■ **Information supplied**:

##########

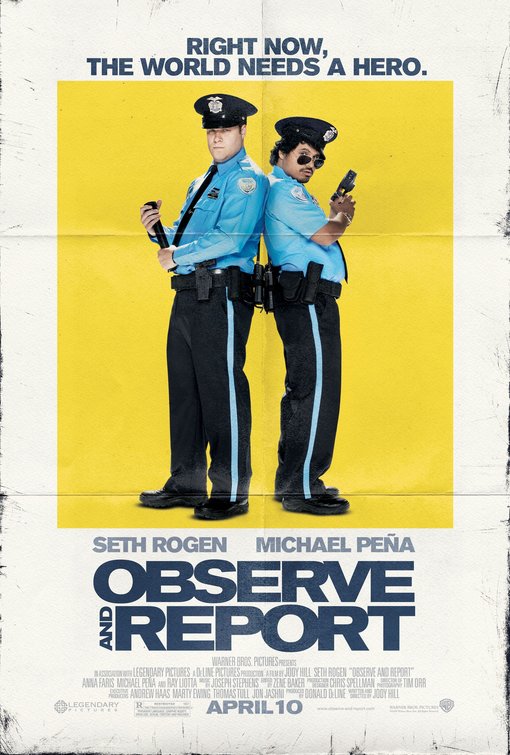 Observe and Report Movie Poster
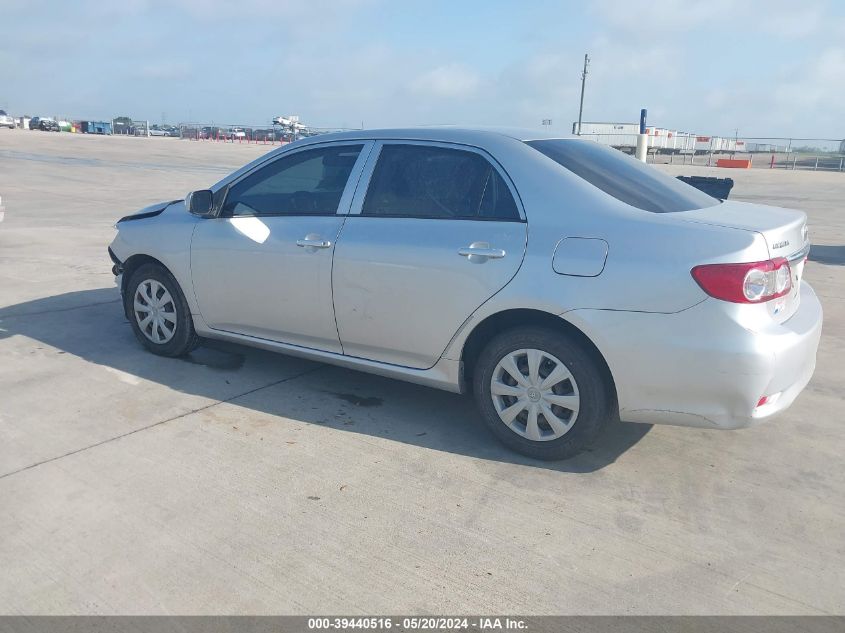 2013 Toyota Corolla L VIN: JTDBU4EE1DJ121483 Lot: 39440516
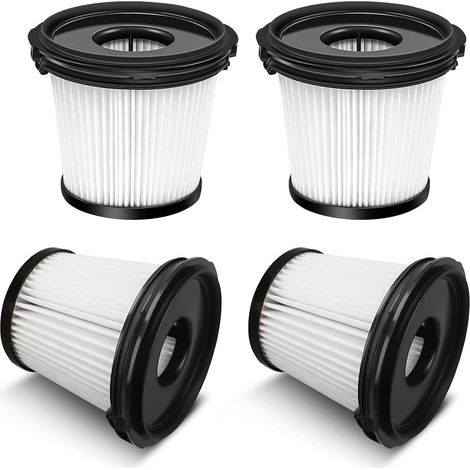 Paquete de 4 filtros lavables y reutilizables para Shark Detect Pro IW3611DE/IW3611EU/IW1611DE/IW3241 (1/5)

##########

With the pictures omitted, copy exactly the lines from the line that contains "2013 Toyota Corolla" through the end of the material.

■ **Solution for this exercise**:
 2013 Toyota Corolla L VIN: JTDBU4EE1DJ121483 Lot: 39440516
 Paquete de 4 filtros lavables y reutilizables para Shark Detect Pro IW3611DE/IW3611EU/IW1611DE/IW3241 (1/5)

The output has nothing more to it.